» What is required: Set down each entry exactly; omit images.

****************************************

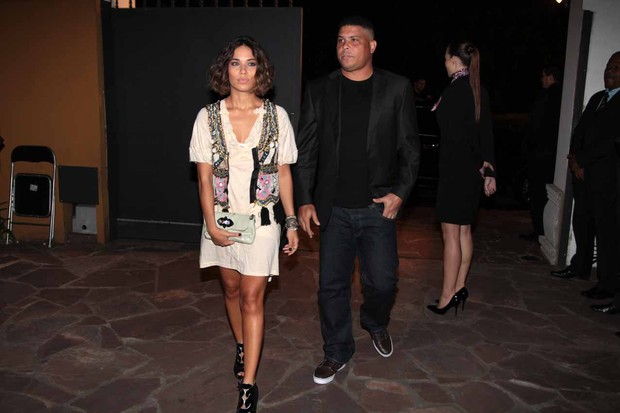 Ronaldo e esposa vão ao jantar da Louis Vuitton em SP (Foto: Orlando Oliveira/AgNews)
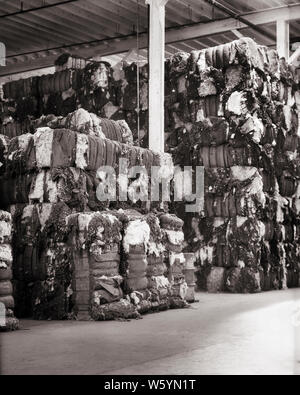 1930er Jahre GESPEICHERT ANGEHÄUFT BALLEN VON AUSGEWÄHLT BAUMWOLLE IM LAGER NEW ORLEANS LOUISIANA USA-c6290 HAR 001 HARS BLOCKLAGERUNG Stockfoto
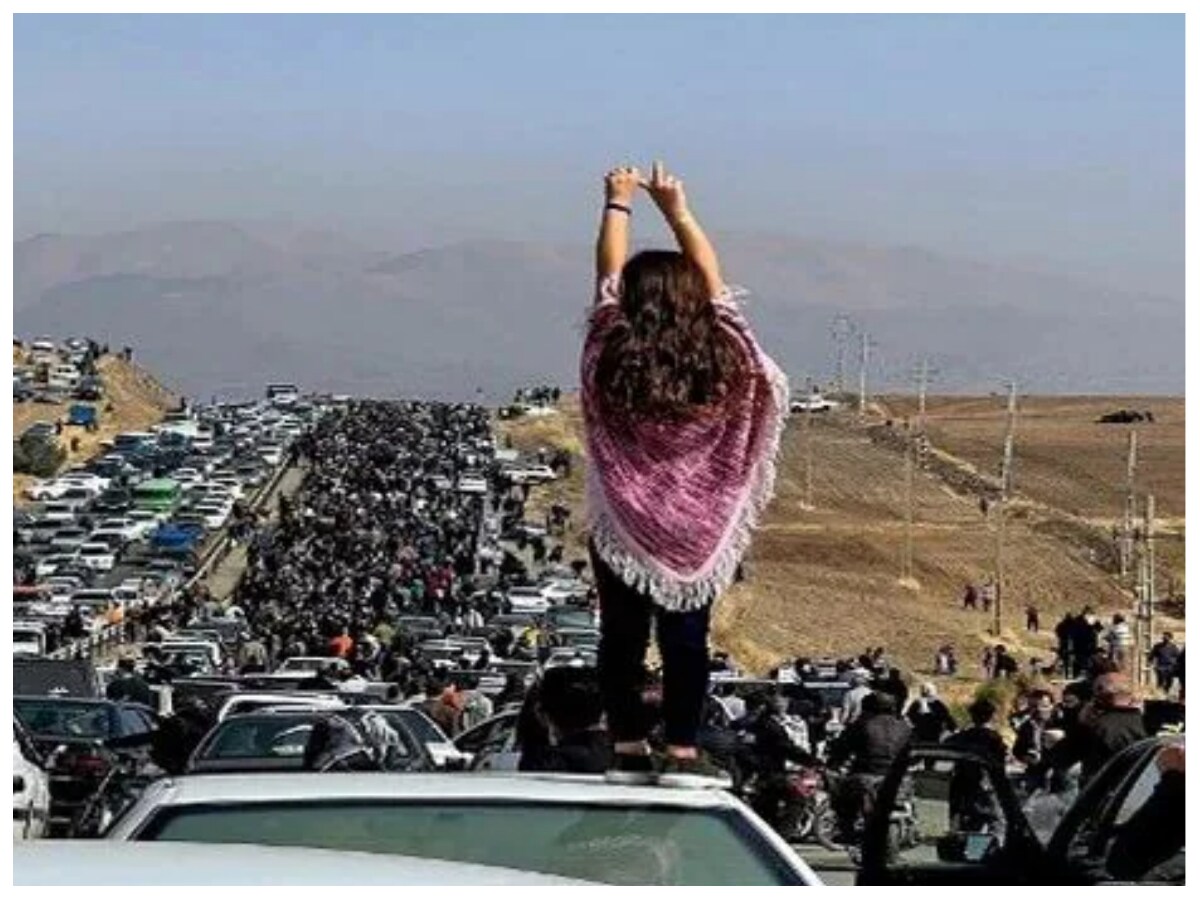 Iran poisoning girls, mysterious wave of illness, schoolgirls illness, knowledge news hindi, Knowledge News, Iran, Girls are poisoning, Headache, Breathing Issue, Vomiting, Nausea, Islam extremists, Islamic Terorism, Right to Education, Muslim Terrorists, ईरान में लड़कियों को क्‍यों दिया जा रहा है जहर, नॉलेज न्‍यूज, छात्राएं पड़ रहीं बीमार, रहस्‍यमयी बीमारी, सिर दर्द, सिरदर्द, उलटियां, सांस लेने में दिक्‍कत, कैंसर, शिक्षा का अधिकार, बेटी पढ़ाओ, इस्‍लामी आतंकवाद, मुस्लिम आतंकवादी, मुसलमान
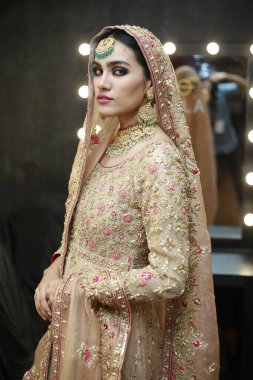 Kuliste, Pakistan Moda Haftası 21-22. Gün Şenliği 'nde geleneksel Hint Gelinliği pozuyla poz ver. 15 Ekim 2021 'de Karaçi' de moda haftası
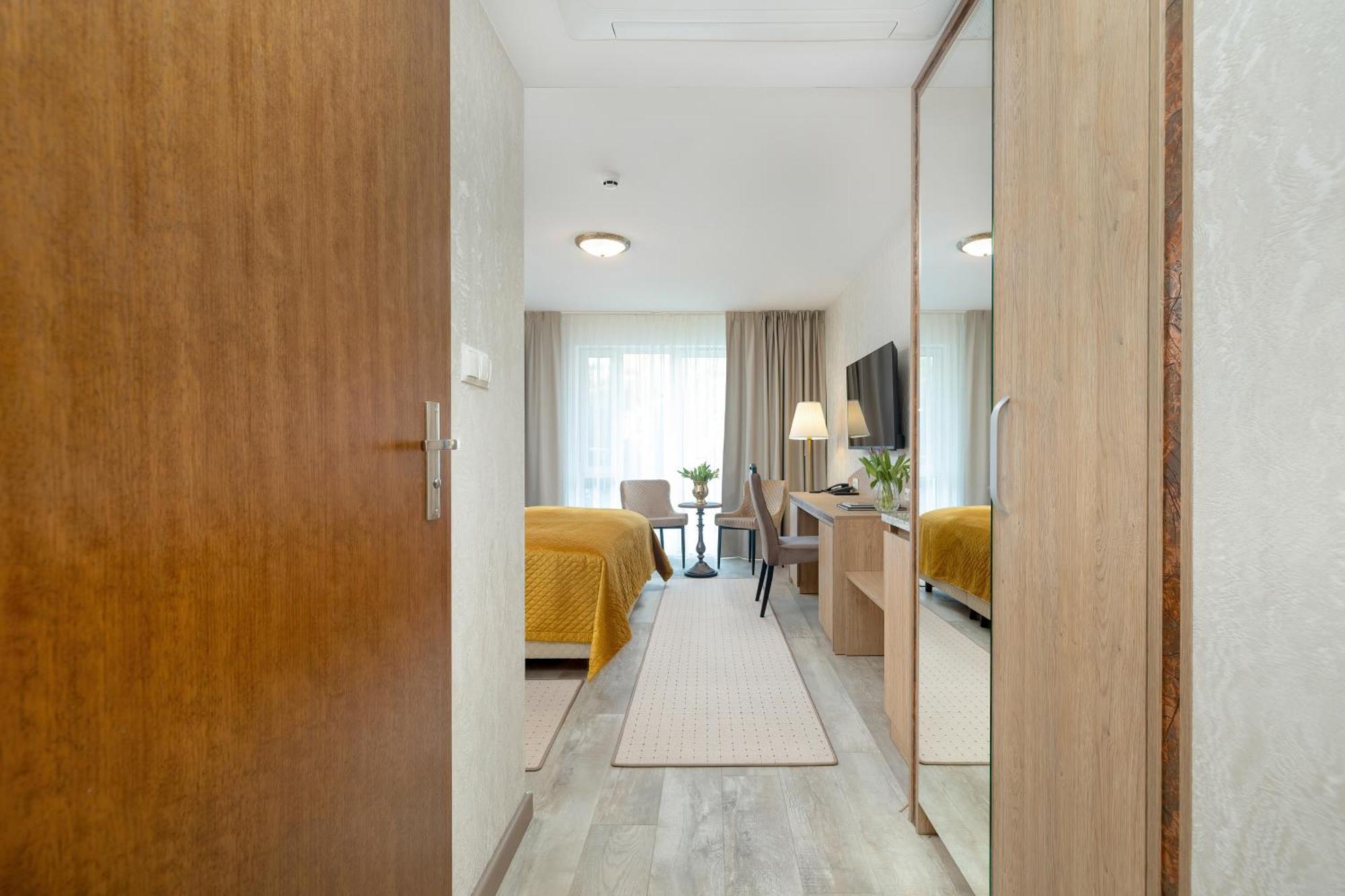 Juvena Hotel Wellness & Spa Adults Only مينزفوجة المظهر الخارجي الصورة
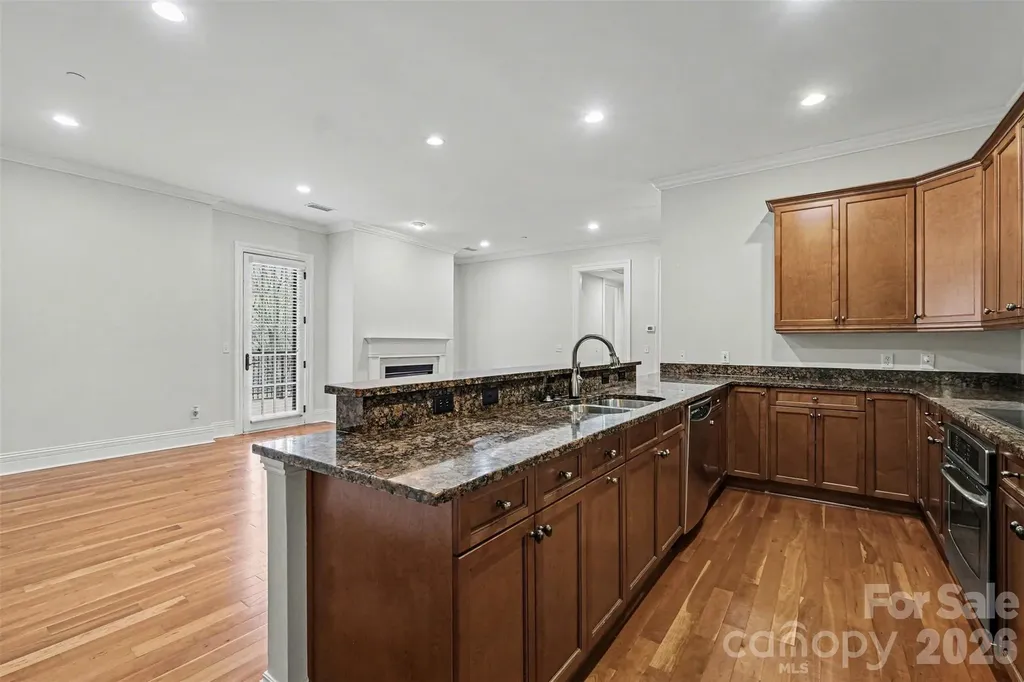 3276 Park Road Charlotte NC 28209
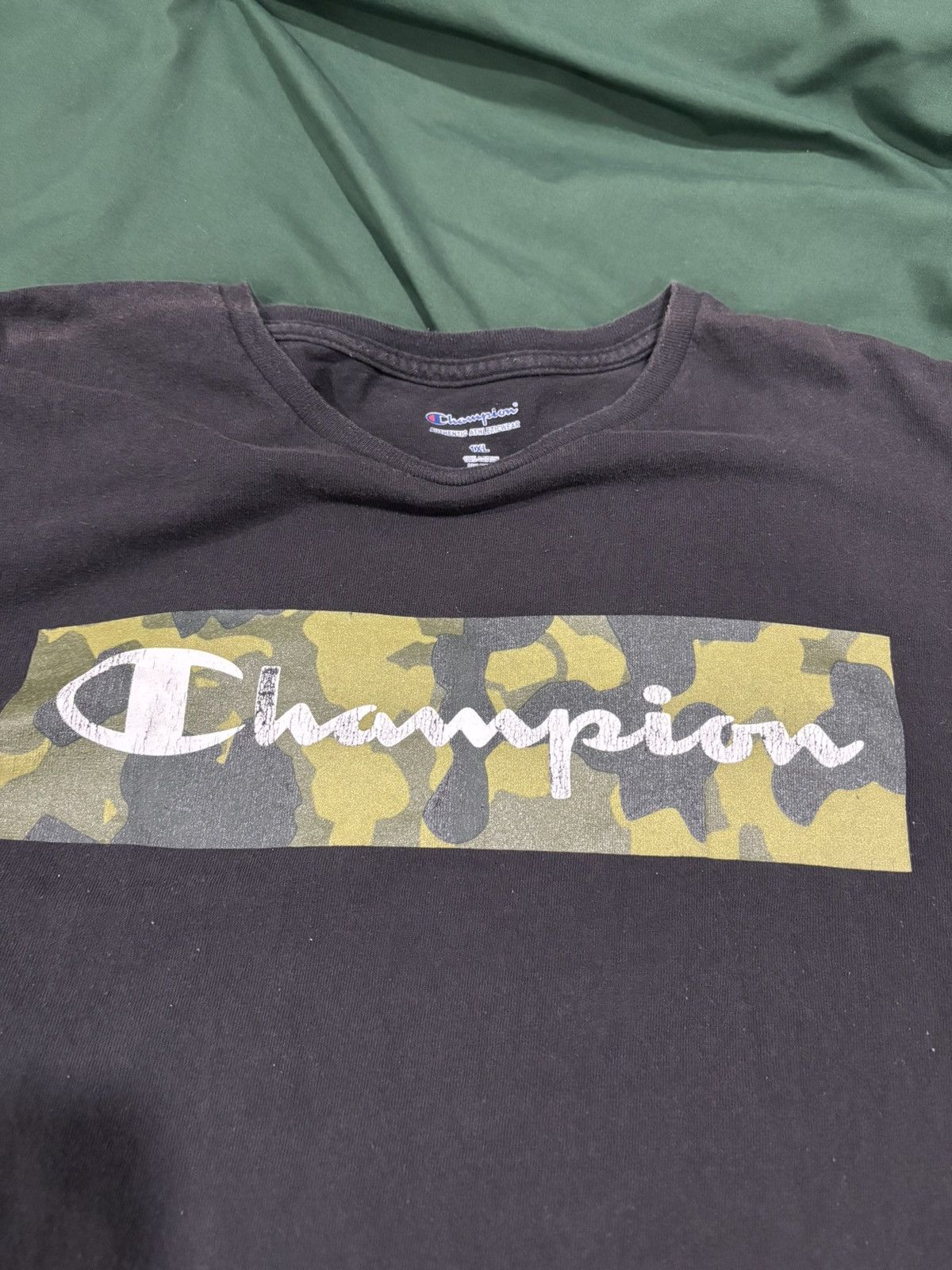 Champion Black champion Tshirt Size US XL / EU 56 / 4 - 4 Thumbnail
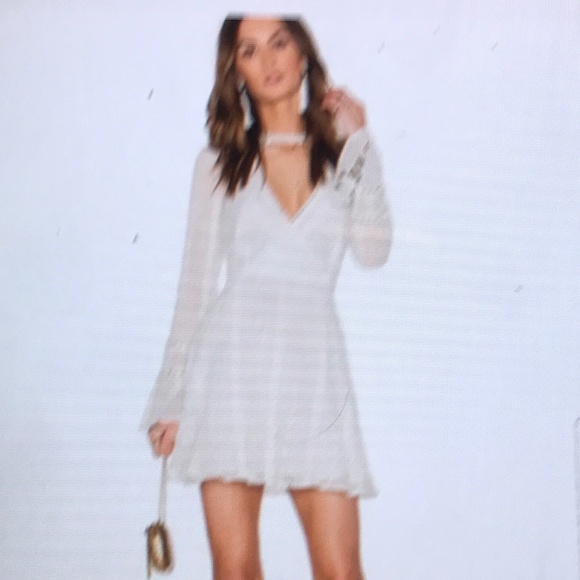 Endless Rose Flared Bell Sleeve FEMININE Bridal Mini Dress off white - Picture 2 of 4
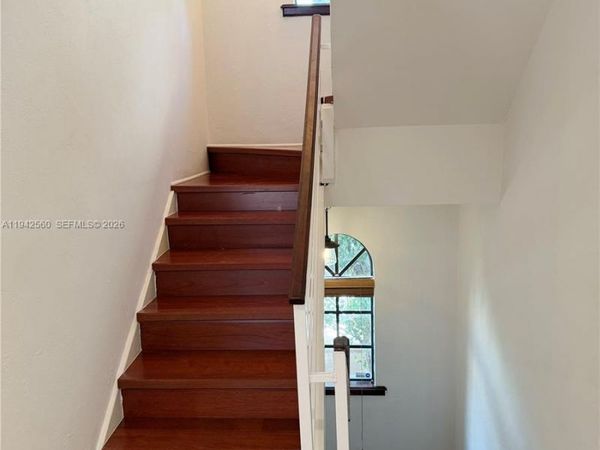 231 Majorca Ave, Unit C, Coral Gables, FL 33134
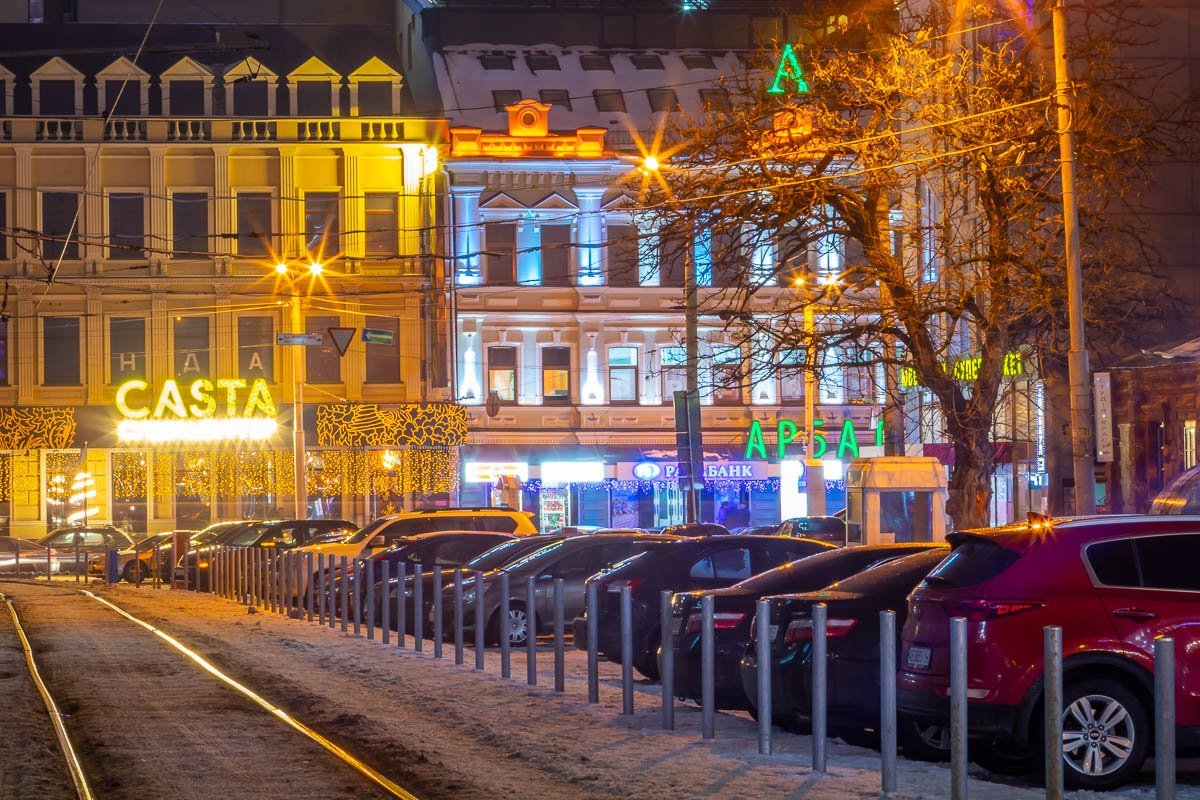 Вечером город преображается Вечером город преображается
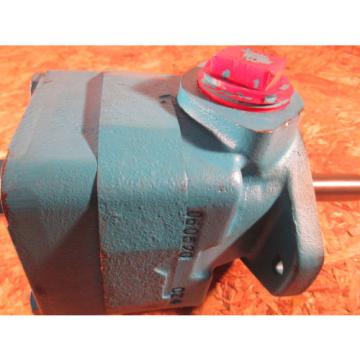 VICKERS V20 1P12P 1A11 HYDRAULIIC VANE PUMP  NOS  EATON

****************************************

» Reply to the task:
 Ronaldo e esposa vão ao jantar da Louis Vuitton em SP (Foto: Orlando Oliveira/AgNews)
 1930er Jahre GESPEICHERT ANGEHÄUFT BALLEN VON AUSGEWÄHLT BAUMWOLLE IM LAGER NEW ORLEANS LOUISIANA USA-c6290 HAR 001 HARS BLOCKLAGERUNG Stockfoto
 Iran poisoning girls, mysterious wave of illness, schoolgirls illness, knowledge news hindi, Knowledge News, Iran, Girls are poisoning, Headache, Breathing Issue, Vomiting, Nausea, Islam extremists, Islamic Terorism, Right to Education, Muslim Terrorists, ईरान में लड़कियों को क्‍यों दिया जा रहा है जहर, नॉलेज न्‍यूज, छात्राएं पड़ रहीं बीमार, रहस्‍यमयी बीमारी, सिर दर्द, सिरदर्द, उलटियां, सांस लेने में दिक्‍कत, कैंसर, शिक्षा का अधिकार, बेटी पढ़ाओ, इस्‍लामी आतंकवाद, मुस्लिम आतंकवादी, मुसलमान
 Kuliste, Pakistan Moda Haftası 21-22. Gün Şenliği 'nde geleneksel Hint Gelinliği pozuyla poz ver. 15 Ekim 2021 'de Karaçi' de moda haftası
 Juvena Hotel Wellness & Spa Adults Only مينزفوجة المظهر الخارجي الصورة
 3276 Park Road Charlotte NC 28209
 Champion Black champion Tshirt Size US XL / EU 56 / 4 - 4 Thumbnail
 Endless Rose Flared Bell Sleeve FEMININE Bridal Mini Dress off white - Picture 2 of 4
 231 Majorca Ave, Unit C, Coral Gables, FL 33134
 Вечером город преображается Вечером город преображается
 VICKERS V20 1P12P 1A11 HYDRAULIIC VANE PUMP  NOS  EATON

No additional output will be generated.